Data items
________________

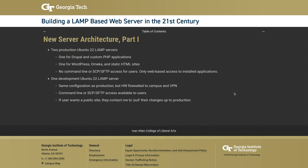The resulting architecture consists of two production Ubuntu 22 LAMP servers: one for Drupal and custom PHP, and a second for WordPress, Omeka, and static HTML sites. The separation isn't magical — it's based on balancing site counts. Keeping all Drupal sites on one server also makes it easier to set up automation scripts that can patch all sites at once.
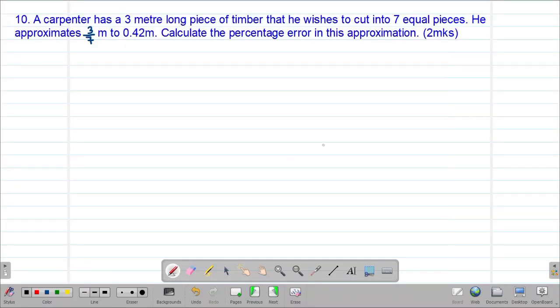Hello my precious friends, I really hope that you are doing great. Welcome to today's class. It's our 10th lesson on a Form 3 mathematics topic called approximations and errors.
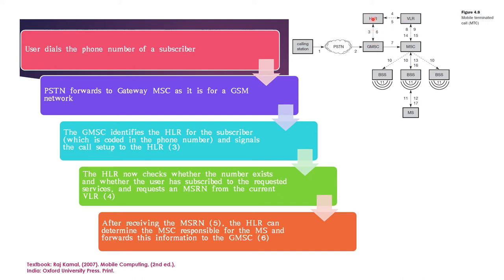And forwards this information to the gateway MSC. So, the gateway MSC has contacted the HLR. HLR contacted the VLR. VLR gives the current location of the mobile station. And now, this is handed over to the gateway again, 5 and 6. Got it?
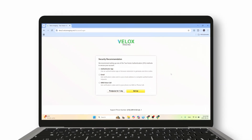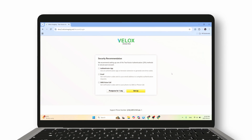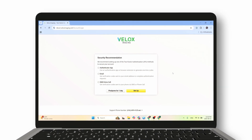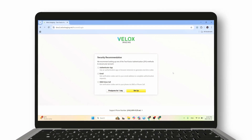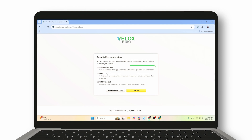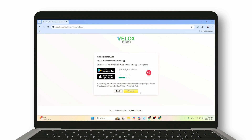Now, when you log into the system through your browser, you'll see a few options for 2-Factor Authentication. While any of these methods will improve your security, we highly recommend using the Authenticator app. It's by far the most reliable and secure option.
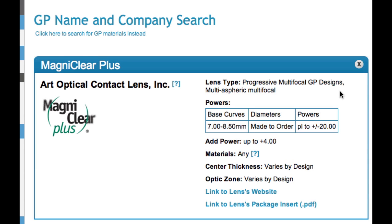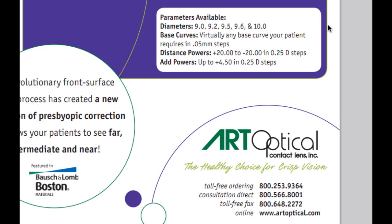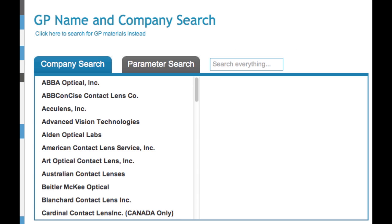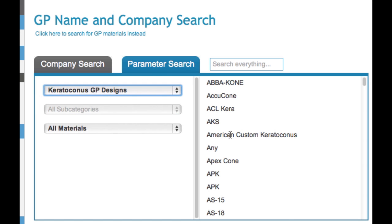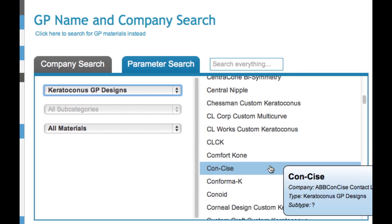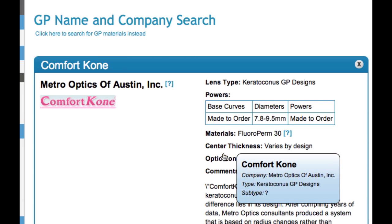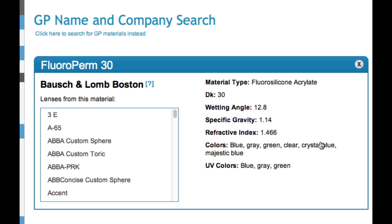For a lot of lenses, we try to have links to the website or, if possible, to a package insert, so you can get more information about fitting those particular lenses. We also have parameter searches where you can search by design categories. So if you want to find all keratoconus lenses, you can click on that and find all the keratoconus lenses. You can do that for multiple types of bifocal lenses too. Also, if you want to learn more about materials — this particular lens is made from Floraperm 30 — you can click the question mark and select the material you're interested in, and it'll go to a page showing the Dk, wetting angle, and all the parameters, including the different colors that the buttons come in.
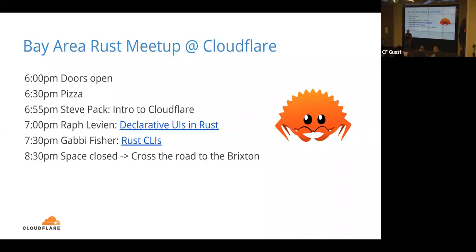Alright everybody, let's get started. Welcome to the Bay Area Rust meetup hosted at Cloudflare. Thank you all for coming, and thank you to Mozilla for co-hosting this with us. If any of you are interested in speaking, please get in contact — probably the easiest way is on the meetup.com group. Just comment or message me or message Manish; either of us will see it. Always looking for new speakers.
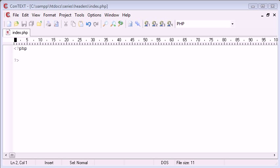Hello, this is Alex from phpacademy.org and this is a video tutorial for the new Boston. In this tutorial we are going to be looking at the header function in PHP, specifically to modify the headers that are sent to our browser.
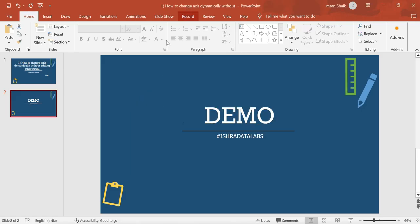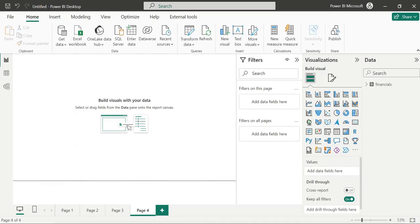So let's try the demo. I am going to show the dataset and the subject.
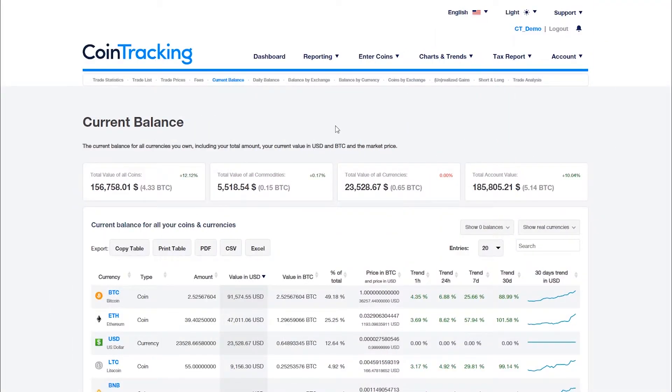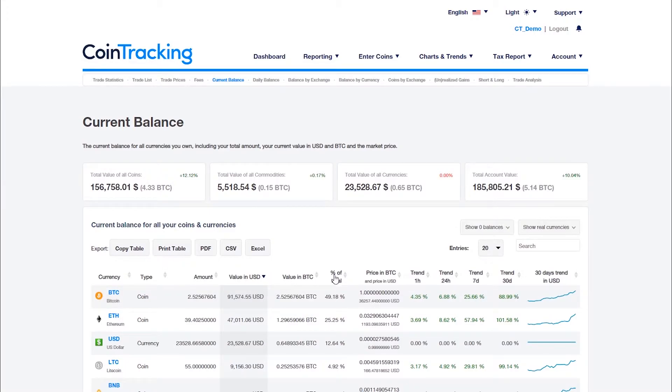The current balance page shows the current holdings of all your coins, tokens and currencies with the value in bitcoin and your account currency. It also shows the portfolio distribution, as well as the current prices and trends.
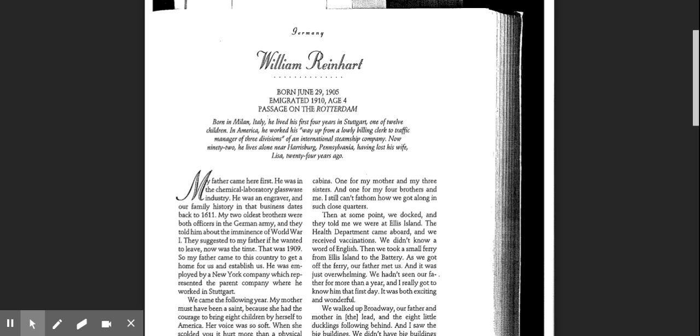William Reinhardt, born June 29, 1905, emigrated 1910, age 4. Passage on the Rotterdam. Born in Milan, Italy, he lived his first four years in Stuttgart, one of 12 children.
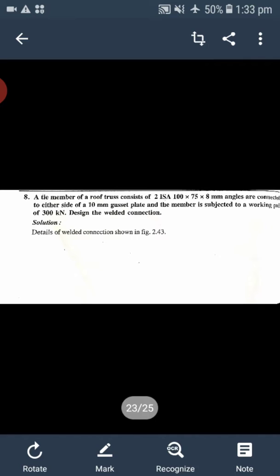Here, one more different type of example is given. In this example, a tie member of a roof truss consists of two ISA 100 by 75 by 8 mm angles connected to either side of a 10 mm gusset plate. The member is subjected to a working pull of 300 kN. Design the welded connection.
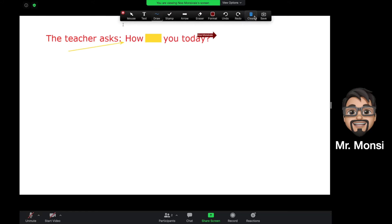If at any point you need to erase anything, you can click on the eraser button and just drag it over the item you want to erase.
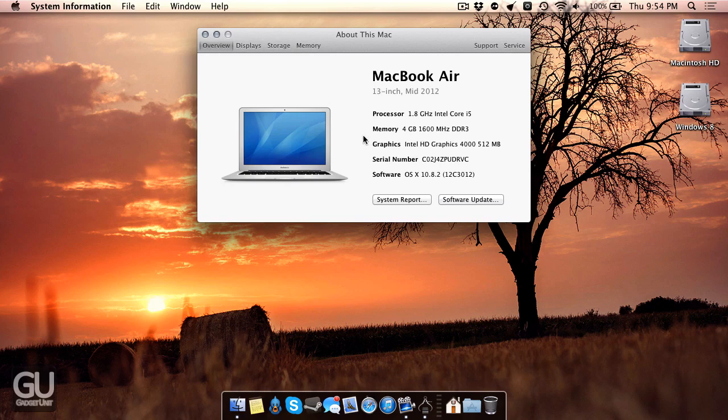Lastly in terms of graphics, it has an integrated Intel HD graphics 4000 GPU with 512 MB of dedicated video memory.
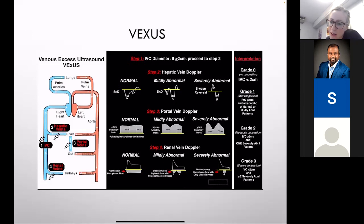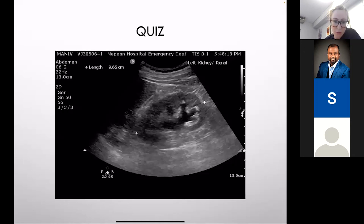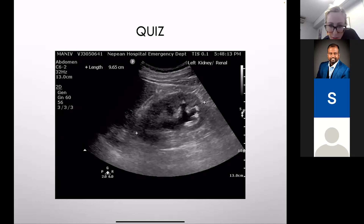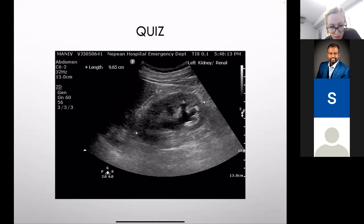Thanks, Vijay. Hattam notes that VEXUS is not validated in critical illness — only in post-cardiac surgery. Final case: what do you think about this image? It looks like moderate hydronephrosis — the papillae are starting to flip. Cortical thickness seems reasonably thick. In practice, radiologists sometimes use 'mild to moderate' or 'moderate to severe' terminology because some areas look different within the same kidney. That's not uncommon.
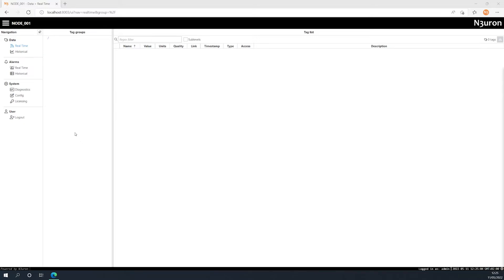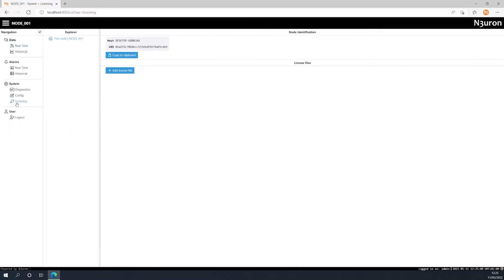To do this, start by opening the licensing section under system. You will find both the host name and the UID shown at the top of the screen. Hit the copy to clipboard button to view all the data that you will need to provide your sales representative.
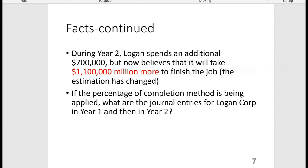We need to do journal entries for year one. In year two, Logan spends an additional $700,000 on top of the $400,000 from year one, and now believes another $1.1 million is needed to finish — so the total cost estimate changes. It's very important not to go into year two until you finish year one. Ignore the year two facts when doing all your year one work.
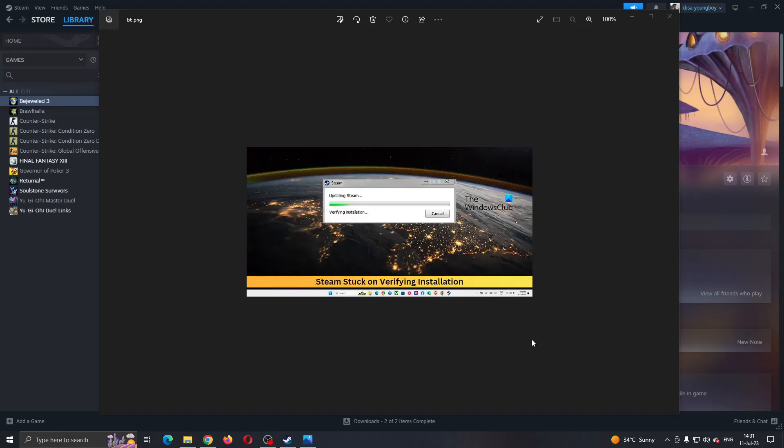Hey everybody, what's up and welcome back to today's video. Today I'm going to show you how to fix this problem that you may be having on Steam if you're stuck on verifying installation. This is a common error that happens to a lot of people, so I'm going to go through the necessary steps you need to do to get rid of this and fix it.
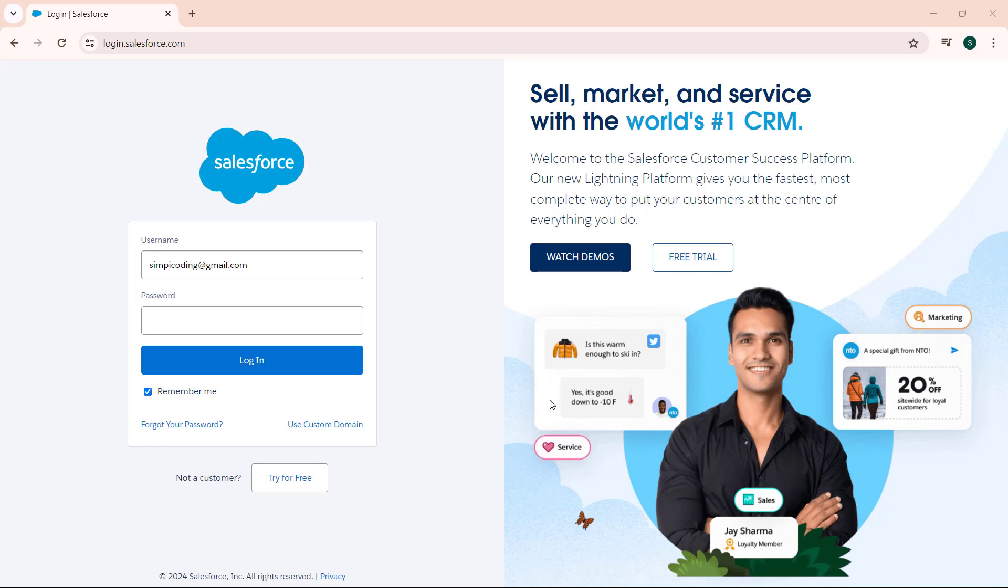Hello everyone, welcome to my channel. In today's video, we are going to learn about how to reset password of Salesforce developer account.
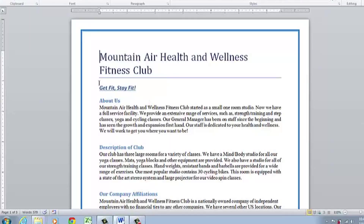Hi, I'm Shannon Grossi with Versatile Software Training and I'm here to show you how to find the word count in your Word document. So if you need to keep track of how many words are in your document, Word actually does that for you. I have a Word document open and on my status bar on the far left I can see 'Words' with the number 579.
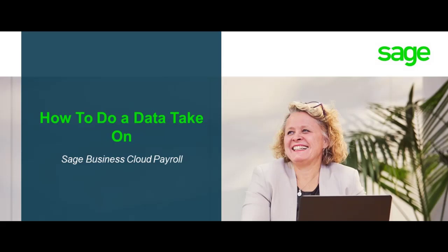Welcome to the Sage Business Cloud Payroll how-to video. In this video, we will demonstrate how to do a data take-on.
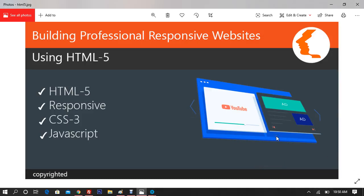Good morning to all students and assalamu alaikum. Let's get started with today's topic: HTML5 — building professional and responsive applications using HTML5. In this series of classes, we will be learning the new features of HTML5. We'll start with HTML5, then slowly see how to make things responsive, attach CSS3, and use JavaScript to create effective websites. The prerequisites are nothing but a notepad and an updated browser.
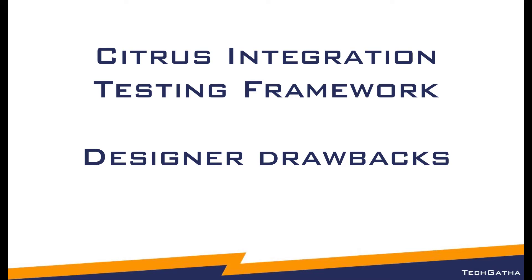Hi there, Shalini Mittal here from TechGatha and in this video we will see the designer drawbacks.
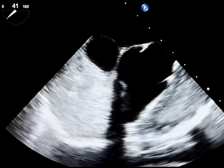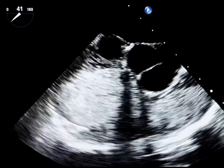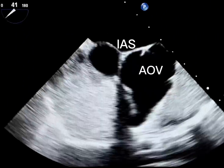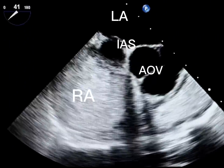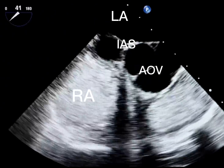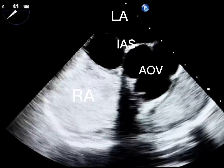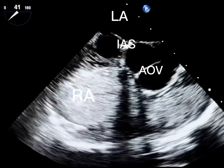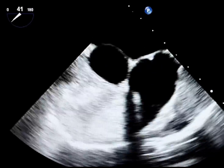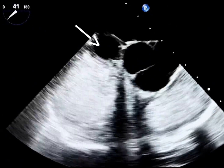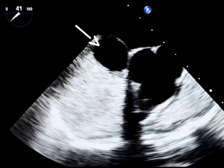This contrast study helps rule out an ASD. In fact, the presence of continuous flow should raise suspicion of an issue related to coronary artery. The large echo-free structure is indeed a coronary artery fistula.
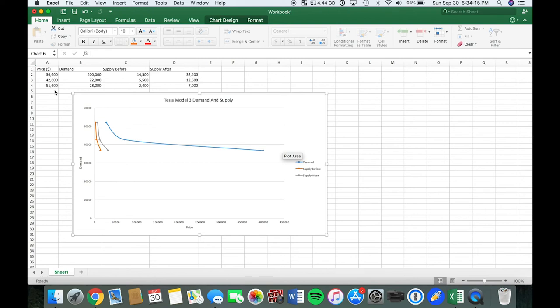That's after government incentives, meaning promoting less gases and just helping the environment. They give you incentives, so it decreases the price to these prices listed here.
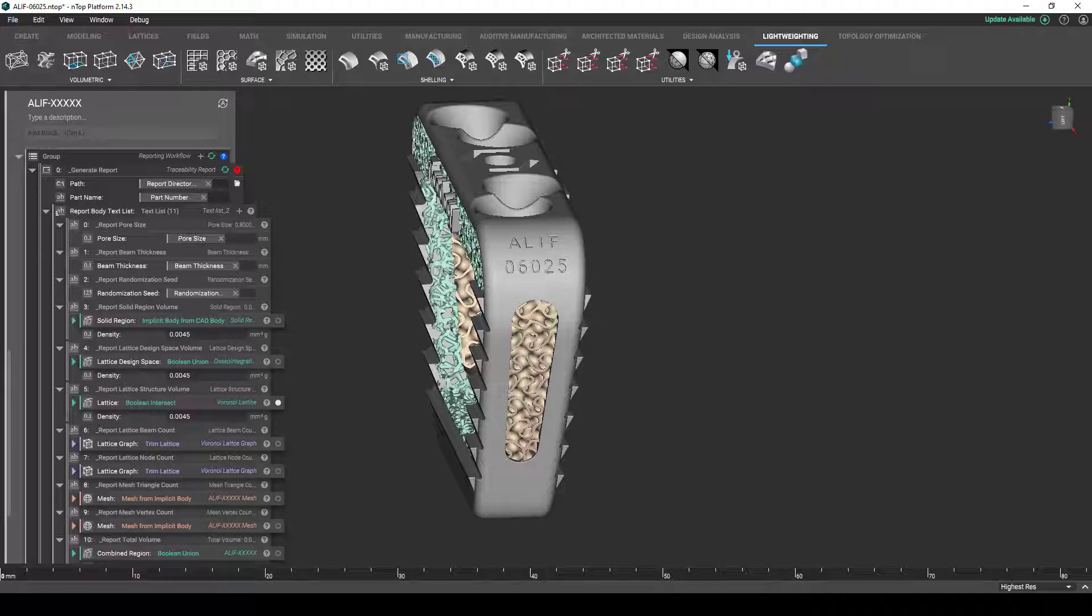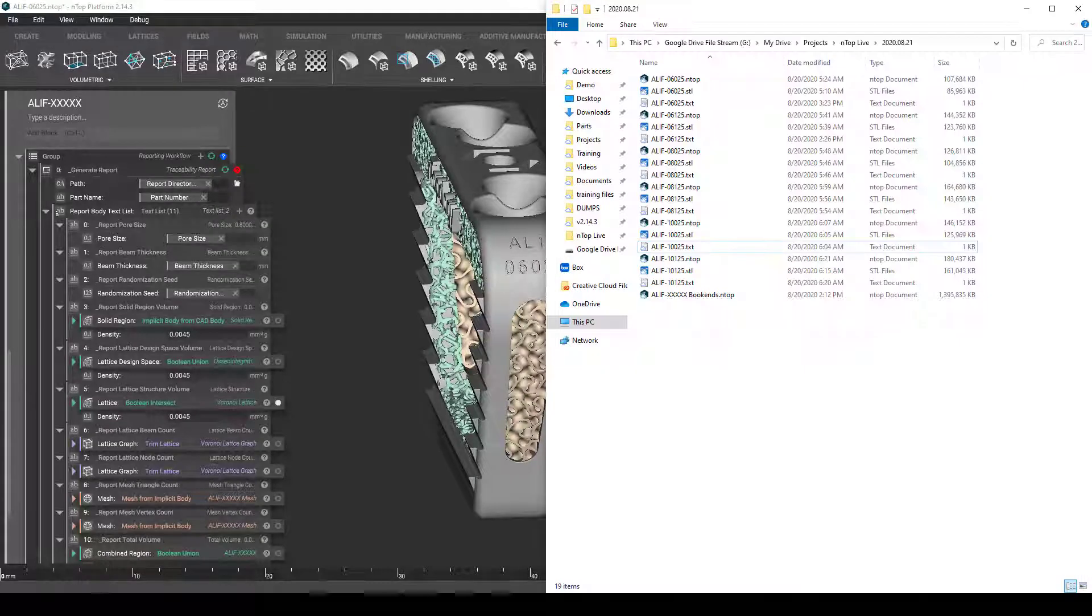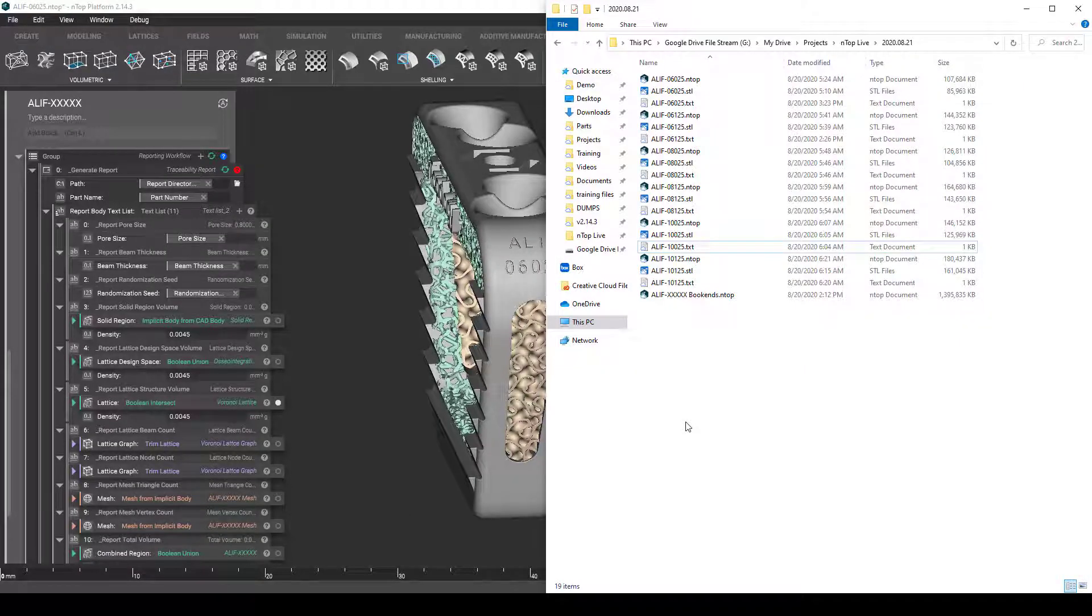So if I jump over to this folder that I have here, I have six bookend sizes of my larger product family, each with their own STL file and text file report with associated properties.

________________

What you will do: Type the records out again in full, exactly, with each picture omitted.

Solution to the exercise:
The resulting architecture consists of two production Ubuntu 22 LAMP servers: one for Drupal and custom PHP, and a second for WordPress, Omeka, and static HTML sites. The separation isn't magical — it's based on balancing site counts. Keeping all Drupal sites on one server also makes it easier to set up automation scripts that can patch all sites at once.
Hello my precious friends, I really hope that you are doing great. Welcome to today's class. It's our 10th lesson on a Form 3 mathematics topic called approximations and errors.
And forwards this information to the gateway MSC. So, the gateway MSC has contacted the HLR. HLR contacted the VLR. VLR gives the current location of the mobile station. And now, this is handed over to the gateway again, 5 and 6. Got it?
Now, when you log into the system through your browser, you'll see a few options for 2-Factor Authentication. While any of these methods will improve your security, we highly recommend using the Authenticator app. It's by far the most reliable and secure option.
For a lot of lenses, we try to have links to the website or, if possible, to a package insert, so you can get more information about fitting those particular lenses. We also have parameter searches where you can search by design categories. So if you want to find all keratoconus lenses, you can click on that and find all the keratoconus lenses. You can do that for multiple types of bifocal lenses too. Also, if you want to learn more about materials — this particular lens is made from Floraperm 30 — you can click the question mark and select the material you're interested in, and it'll go to a page showing the Dk, wetting angle, and all the parameters, including the different colors that the buttons come in.
Alright everybody, let's get started. Welcome to the Bay Area Rust meetup hosted at Cloudflare. Thank you all for coming, and thank you to Mozilla for co-hosting this with us. If any of you are interested in speaking, please get in contact — probably the easiest way is on the meetup.com group. Just comment or message me or message Manish; either of us will see it. Always looking for new speakers.
Hello, this is Alex from phpacademy.org and this is a video tutorial for the new Boston. In this tutorial we are going to be looking at the header function in PHP, specifically to modify the headers that are sent to our browser.
So let's try the demo. I am going to show the dataset and the subject.
The current balance page shows the current holdings of all your coins, tokens and currencies with the value in bitcoin and your account currency. It also shows the portfolio distribution, as well as the current prices and trends.
William Reinhardt, born June 29, 1905, emigrated 1910, age 4. Passage on the Rotterdam. Born in Milan, Italy, he lived his first four years in Stuttgart, one of 12 children.
Here, one more different type of example is given. In this example, a tie member of a roof truss consists of two ISA 100 by 75 by 8 mm angles connected to either side of a 10 mm gusset plate. The member is subjected to a working pull of 300 kN. Design the welded connection.
If at any point you need to erase anything, you can click on the eraser button and just drag it over the item you want to erase.
Lastly in terms of graphics, it has an integrated Intel HD graphics 4000 GPU with 512 MB of dedicated video memory.
Thanks, Vijay. Hattam notes that VEXUS is not validated in critical illness — only in post-cardiac surgery. Final case: what do you think about this image? It looks like moderate hydronephrosis — the papillae are starting to flip. Cortical thickness seems reasonably thick. In practice, radiologists sometimes use 'mild to moderate' or 'moderate to severe' terminology because some areas look different within the same kidney. That's not uncommon.
To do this, start by opening the licensing section under system. You will find both the host name and the UID shown at the top of the screen. Hit the copy to clipboard button to view all the data that you will need to provide your sales representative.
We need to do journal entries for year one. In year two, Logan spends an additional $700,000 on top of the $400,000 from year one, and now believes another $1.1 million is needed to finish — so the total cost estimate changes. It's very important not to go into year two until you finish year one. Ignore the year two facts when doing all your year one work.
Hey everybody, what's up and welcome back to today's video. Today I'm going to show you how to fix this problem that you may be having on Steam if you're stuck on verifying installation. This is a common error that happens to a lot of people, so I'm going to go through the necessary steps you need to do to get rid of this and fix it.
Hello everyone, welcome to my channel. In today's video, we are going to learn about how to reset password of Salesforce developer account.
Hi, I'm Shannon Grossi with Versatile Software Training and I'm here to show you how to find the word count in your Word document. So if you need to keep track of how many words are in your document, Word actually does that for you. I have a Word document open and on my status bar on the far left I can see 'Words' with the number 579.
Welcome to the Sage Business Cloud Payroll how-to video. In this video, we will demonstrate how to do a data take-on.
Good morning to all students and assalamu alaikum. Let's get started with today's topic: HTML5 — building professional and responsive applications using HTML5. In this series of classes, we will be learning the new features of HTML5. We'll start with HTML5, then slowly see how to make things responsive, attach CSS3, and use JavaScript to create effective websites. The prerequisites are nothing but a notepad and an updated browser.
Hi there, Shalini Mittal here from TechGatha and in this video we will see the designer drawbacks.
This contrast study helps rule out an ASD. In fact, the presence of continuous flow should raise suspicion of an issue related to coronary artery. The large echo-free structure is indeed a coronary artery fistula.
That's after government incentives, meaning promoting less gases and just helping the environment. They give you incentives, so it decreases the price to these prices listed here.
So if I jump over to this folder that I have here, I have six bookend sizes of my larger product family, each with their own STL file and text file report with associated properties.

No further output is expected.